Furthermore, we experimented with two upscaling methods, which were learnable during training. We used a simple linear layer applied to each flattened skeleton to increase the number of joints. This is the most straightforward manner to transform each skeleton, but it does not account for any spatial relationships between joints. To address this, we also employ a set of 2D deconvolutional layers on the skeleton sequence for resizing while also taking the structural information into account; for this method, we also employ the TSSI format.
Table 1 showcases the results for each resizing method for all architectures. The models were trained and evaluated on CASIA-B for 200 epochs, and we show results for normal walking. For the rest of our experiments, we chose to upsample the skeleton sequence with bicubic interpolation.

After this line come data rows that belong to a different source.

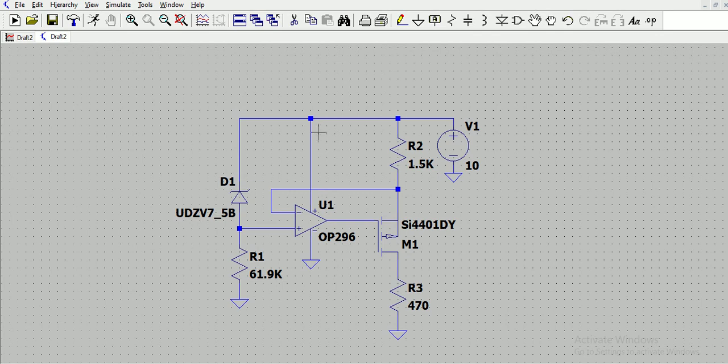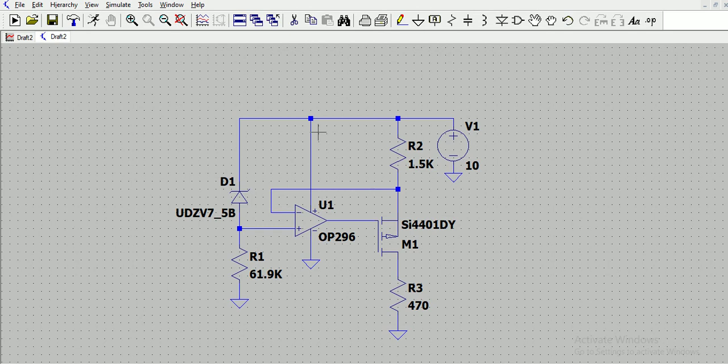One important requirement as part of these simulations - when we do add some additional components to the existing circuitry and then simulate it - at the end of it we have to manually write down all these components and then create a bill of material. One feature which every engineer would look out for from any EDA tool is the bill of material generation.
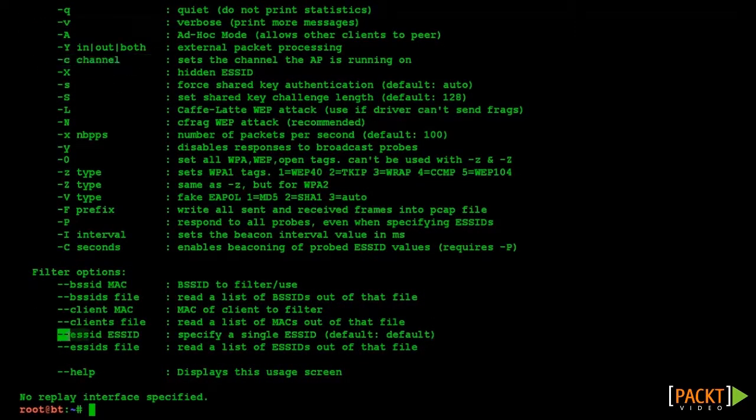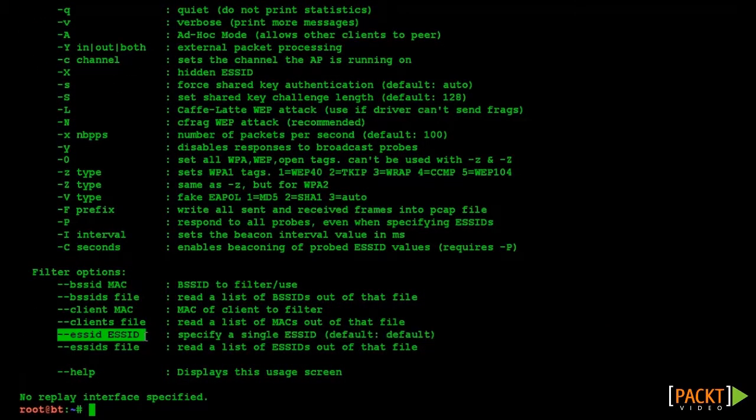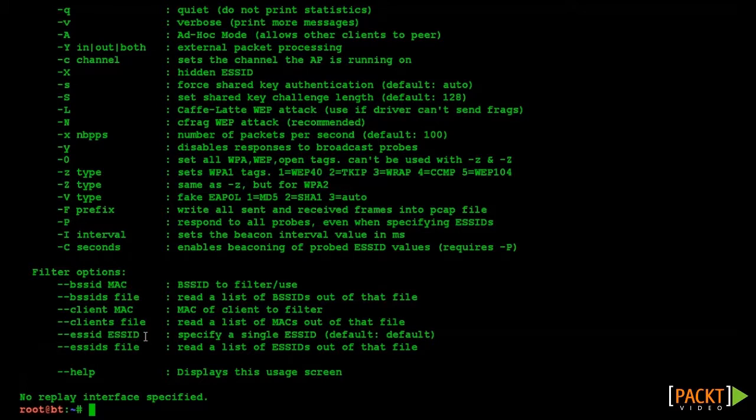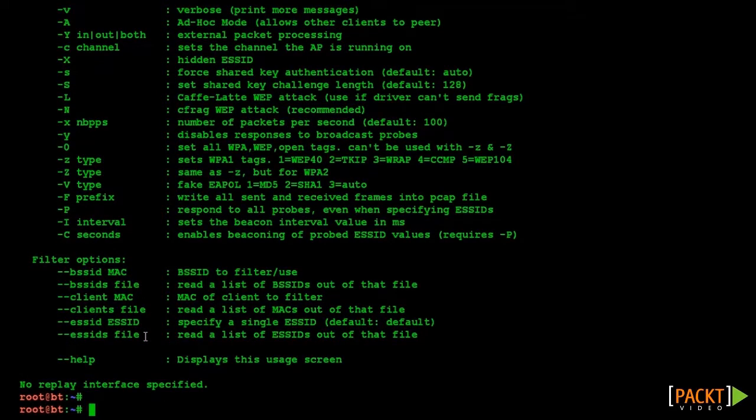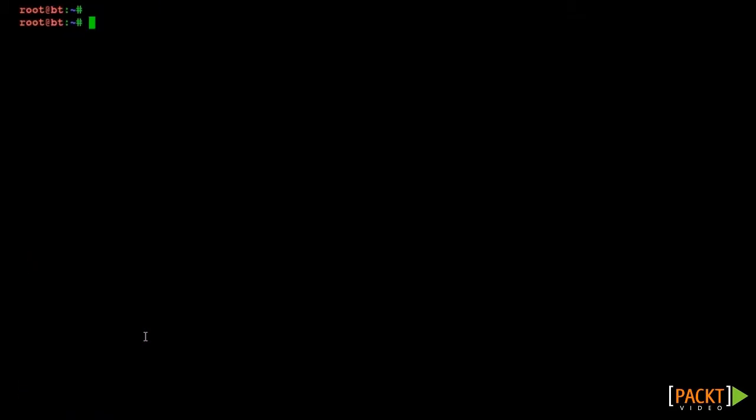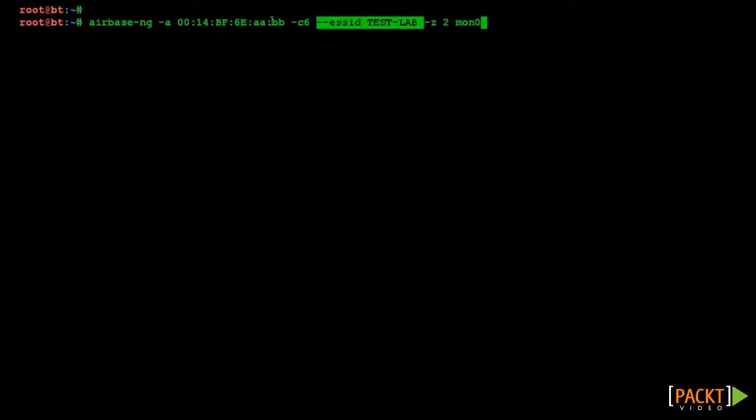Our ESSID will be the same as the legitimate network, but for now we are specifying an arbitrary MAC address or BSSID. Since our actual access point is using the WPA1 protocol with CCMP encryption, we have used the -Z option with the number 2, which is used for creating CCMP encryption based soft APs.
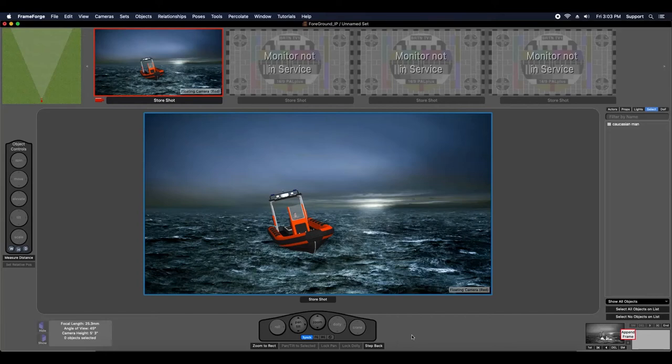Hi, this is Chris, and in my last video I talked about background image plates. In this video I'm going to talk about foreground image plates.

While there are several possible self-supervised pretraining procedures, we opted for a contrastive pretraining approach since it is the same procedure for the actual retrieval task of gait recognition. Contrastive approaches encourage representations belonging to the same class to be close in latent space, while simultaneously being distant from representations belonging to different classes.
In particular, we use Supervised Contrastive [45] for pretraining. SupCon loss operates on a multi-viewed batch: each sample in the batch has multiple augmented versions of itself. It was shown to naturally be more robust to data corruption, it alleviates the need for careful selection of triplets since the gradient encourages learning from hard examples and is less sensitive to hyperparameters.

3.4. Data Augmentation
Training in a self-supervised contrastive manner with SupCon loss implies the use of data augmentation to provide multiple augmented “views” of the same skeleton sequence. Augmentations used for our walking skeleton sequences are in line with other works in this area [10,12,30]. The main augmentation used is random temporal cropping with a period length of T = 64 frames.
Given that skeletons are tracked for a variable duration of time, we use cropping to ensure that all sequences have the same length. Moreover, a walking person might change direction and perform other actions across the tracked duration; consequently, cropping induces more variability for the same sequence.
Furthermore, we modify the walking pace by slowing down or speeding up the walk. We used speed modifiers of {0.5, 0.75, 1, 1.25, 1.5, 1.75, 2.0}. This is adapted from the work of Wang et al. [48] for self-supervised learning of video representations. Moreover, pace modification has been used in gait analysis in the past [33].
We also use random flipping with a probability of 0.5, sequence reversal with a probability of 0.5, additive Gaussian noise for each joint with σ = 0.005, and random dropout of 5% of joints with a probability of 0.01 to simulate missing joints from the pose estimation model.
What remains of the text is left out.